Bidisha Mamata is a British broadcaster, presenter and critic across TV, film, radio, newspapers and magazines. She specialises in international human rights, current affairs and the arts and culture and offers political analysis, arts critique and cultural diplomacy tying these interests together. She writes for the main UK broadsheets (currently as a columnist and arts critic for The Observer and The Guardian) and presents and commentates heavily for BBC TV and radio, CNN, Channel 5, Channel 4 News and Sky News, where she has been a regular since 2016. Her fifth book, Asylum and Exile: Hidden Voices of London (2015), is based on her outreach work in UK prisons, refugee charities and detention centres.
Her latest publication, an essay called The Future of Serious Art, came out in November 2020 and her latest film series, Aurora, launched in October 2020 and ran until spring 2023. Her first film, An Impossible Poison, premiered in Berlin in November 2017 and received its London premier in March 2018. It has been highly critically acclaimed and selected for numerous international film festivals.
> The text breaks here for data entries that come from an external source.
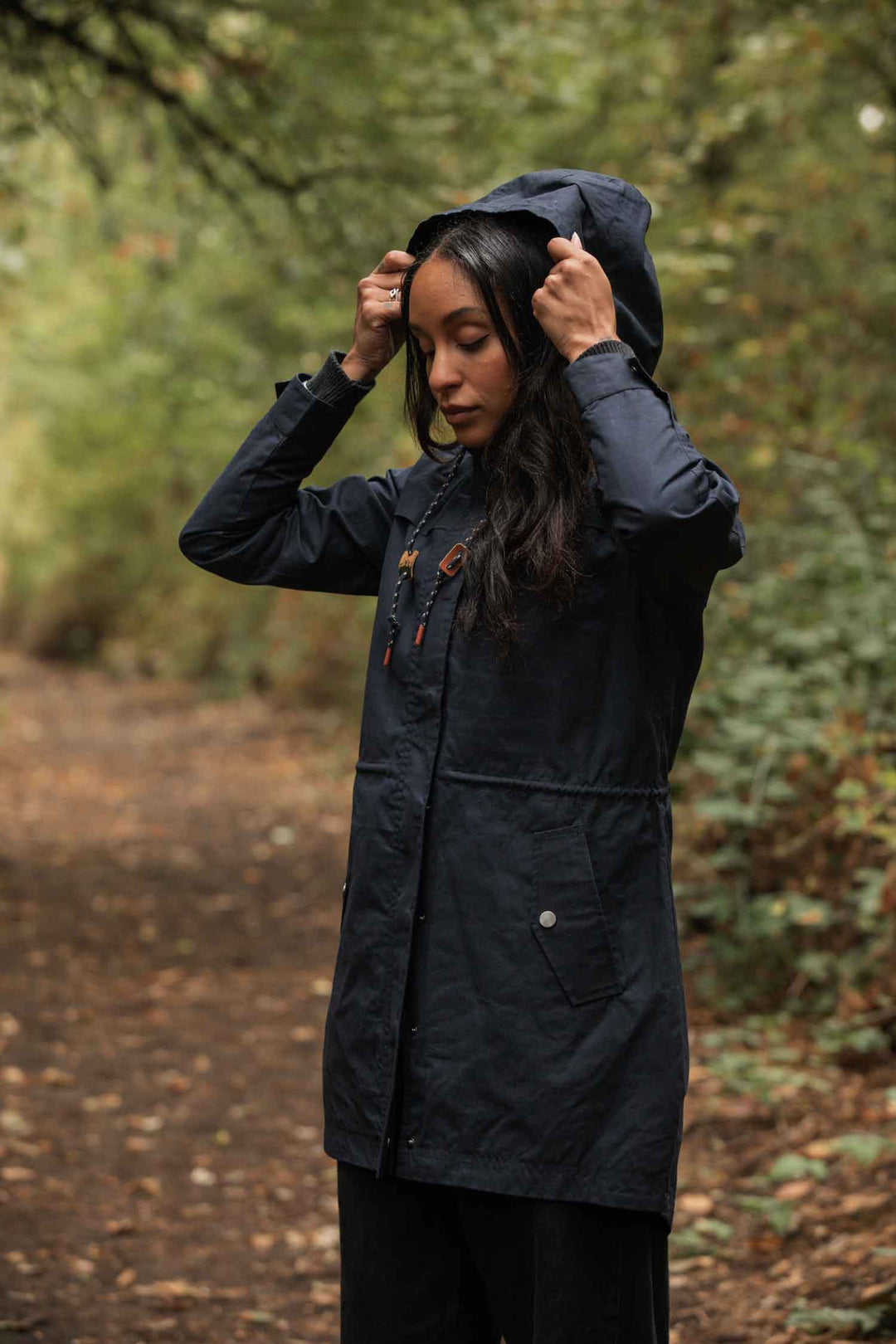 A woman stands on a forest path, adjusting the hood of her Bridge & Burn Briar Jacket in navy waxed canvas. Lush green foliage surrounds her, and fallen leaves cover the ground.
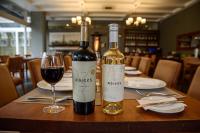 two bottles of wine sitting on a table with a glass at Hotel Boutique Raíces in Curicó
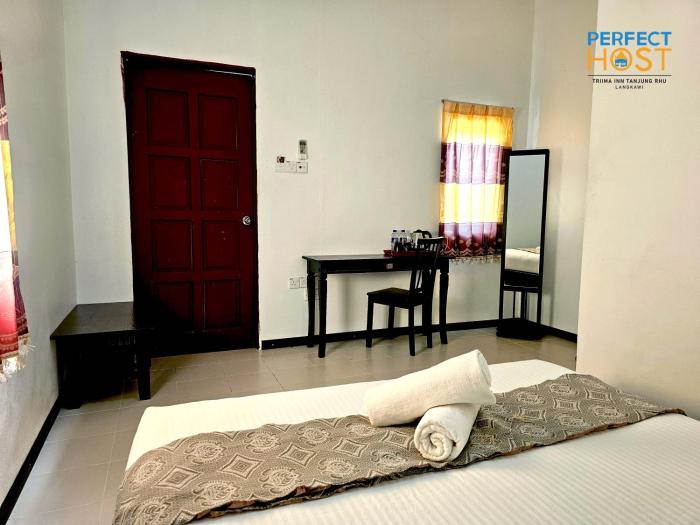 triima inn tanjung rhu by perfect host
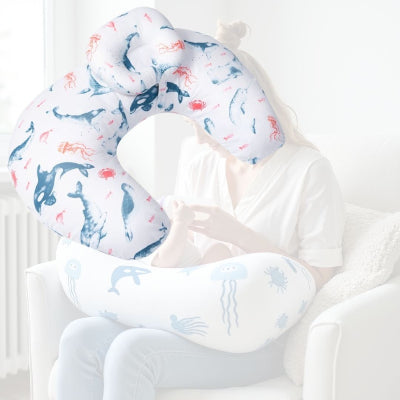 Maman nourrissant son bébé avec un coussin d’allaitement imprimé animaux marins, conçu pour réduire les tensions au niveau des bras et faciliter la succion de bébé.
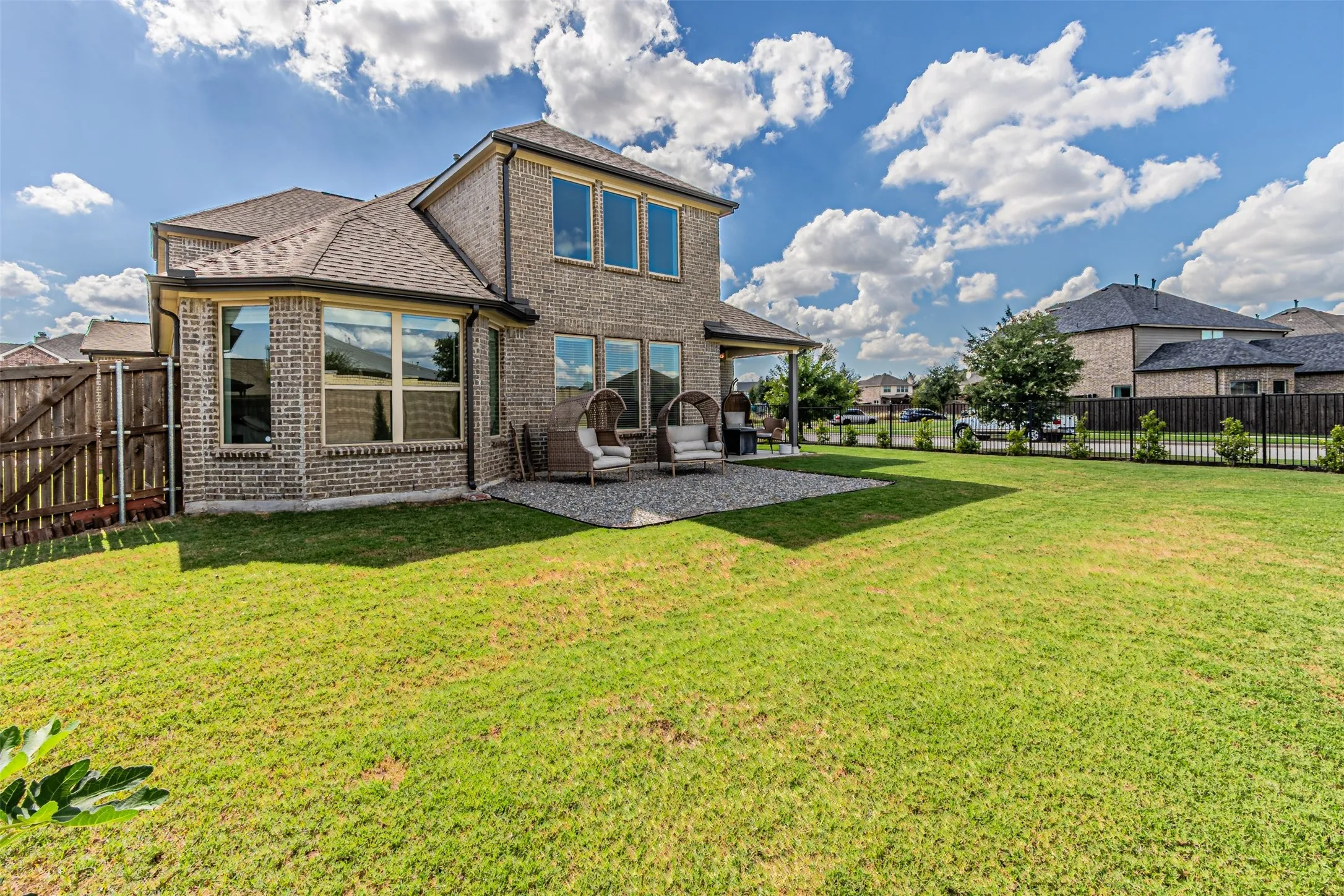 Expansive green lawn with a covered patio, a bay window, and a brick exterior, enclosed by a combination of wood and metal fencing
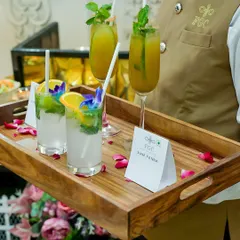 A server presents a tray of refreshing mocktails, including Aam Panna. The drinks are garnished with fresh mint, fruit slices, and edible flowers, demonstrating our commitment to beautiful presentation in every detail.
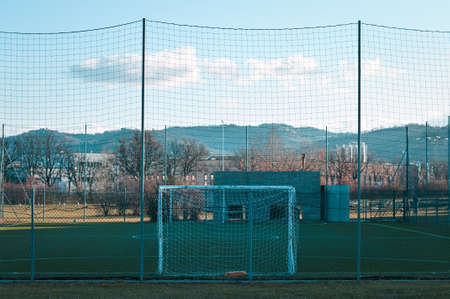 A football goal in a shady futsal field (Pesaro, Italy, Europe)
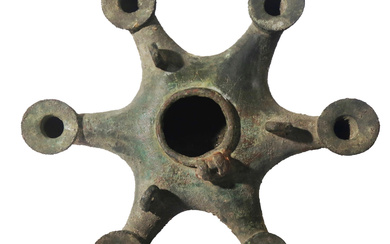 A BYZANTINE BRONZE OIL LAMP WITH 6 NOZZLES.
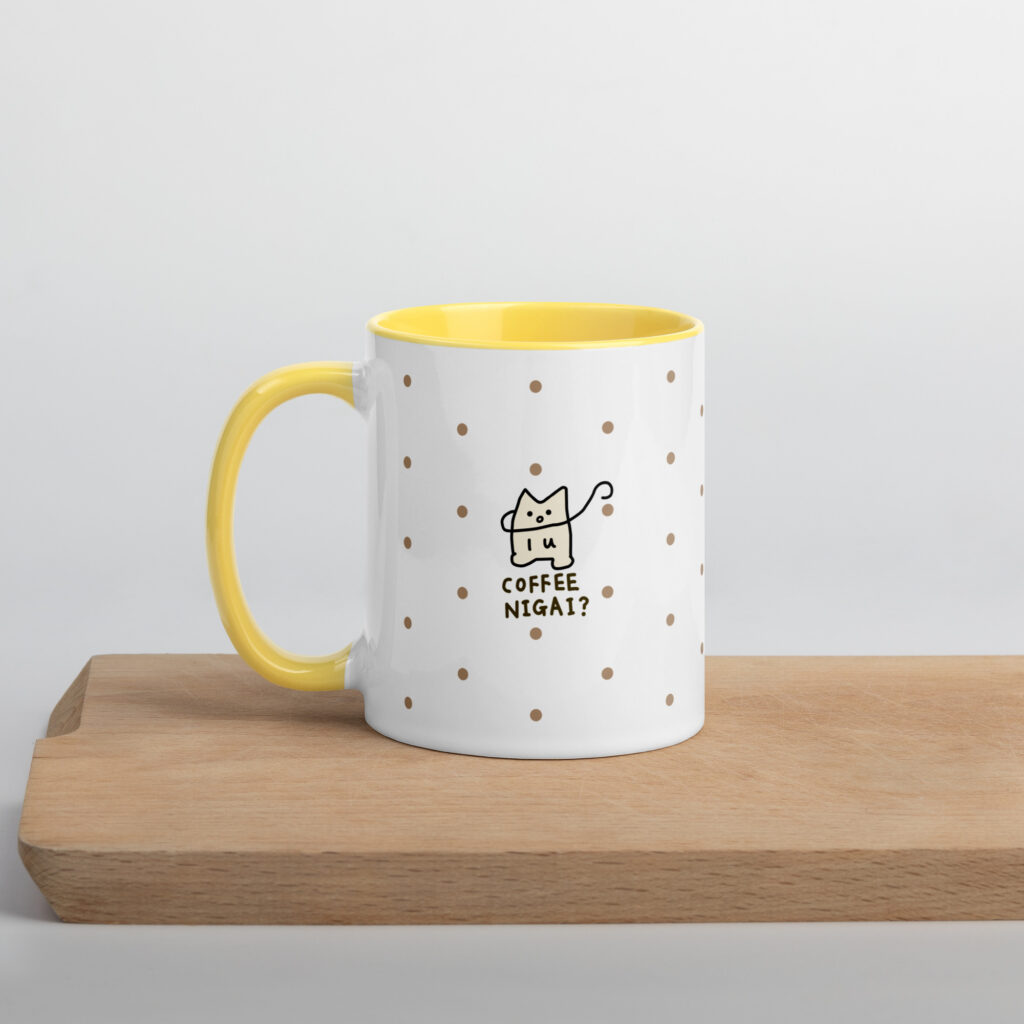 三浦小季さん描き下ろしのキャラクターをプリントした、黄色い持ち手のマグカップの裏面。
コーヒーを持った猫を描いた “coffee nigai?” デザイン。黄色い持ち手とドット柄が特徴。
She is currently presenting the Hello Happiness audio series for the Wellcome Trust.
A much more detailed biography is below:
TV, radio, film:
Bidisha is a presenter for BBC TV, Radio 3, Radio 4 and the World Service. She was a regular guest on BBC Two's Newsnight Review (later The Review Show), Sunday Morning Live and The Big Questions. For BBC Radio 4 she contributes frequently to Saturday Review and Woman's Hour, both of which she has guest presented, and Front Row, and has presented Archive on Four, Heart and Soul and various other documentaries and series. Standalone documentaries have included Texting Andy Warhol, on the role of text in art (R4); An Unofficial Iris, a study of Iris Murdoch's work and legacy (R4); The Red Book, an investigation into Jung's Red Book (R3); and The Countertenor, a highly acclaimed exploration of the countertenor voice for Radio 4. Bidisha was the regular presenter of BBC Radio 3's arts and ideas programme, Night Waves, from 2008. On the World Service she guest presented the books programme The Word was the regular presenter of the flagship arts show, The Strand and now presents for the arts series In The Studio and The Arts Hour. As of 2015 she has also been a regular Sky News commentator on social justice issues and the refugee crisis, and since 2016 has been a fortnightly newspaper reviewer for the Sky News breakfast show. Since 2020 she has worked closely with Channel 5 on a rang of arts, pop culture and royal documentaries, and since 2021 she has worked with CNN on their royal coverage and UK current affairs.
Newspapers, magazines, books:
Bidisha began writing for arts magazines i-D, Oyster, Volume, Dazed and Confused and the NME at 14. She signed her first book deal, with HarperCollins, at 16. Her first novel, Seahorses, was published to commercial and critical success when she was 18. During this time she also had regular opinion columns in The Big Issue magazine and The Independent. Bidisha's second novel, the thriller Too Fast to Live, was published when she was 21. Bidisha then lectured in political theory, was a contributing editor of the women's magazine Sibyl and style magazine 2nd Generation and edited the arts magazine The Stealth Corporation. Her third book, the travel memoir Venetian Masters, was published in February 2008.
She currently writes for The Guardian, the Financial Times, Mslexia, The Observer, New Statesman, New Humanist, The List, The Huffington Post, the Times Literary Supplement, Sight and Sound, BBC Arts, Poetry Review and various publications internationally. From the end of 2010 to early 2012 she had a weekly column in The Guardian called Bidisha's Thought for The Day. In 2013 Johns Hopkins University awarded her an International Reporting Project fellowship to report on global health and development for the Bill and Melinda Gates Foundation. Bidisha's fourth book, out May 2012, is the acclaimed reportage Beyond the Wall: Writing A Path Through Palestine, published by Seagull/Chicago University Press. Her poetry has been published by Wasafiri magazine, Seagull Books, Saqi Books, English PEN and Young MWA magazine and performed at numerous venues including the Tower of London. She has mentored numerous other writers and judged numerous literary, arts and human rights prizes.
Bidisha Mamata was born in London and educated at Haberdashers' Aske's School for Girls. She then studied Old and Middle English at Oxford University, where she was a college scholar. She then gained an MSc in Economic History, Moral and Political Philosophy and Philosophy of the Social Sciences at the London School of Economics.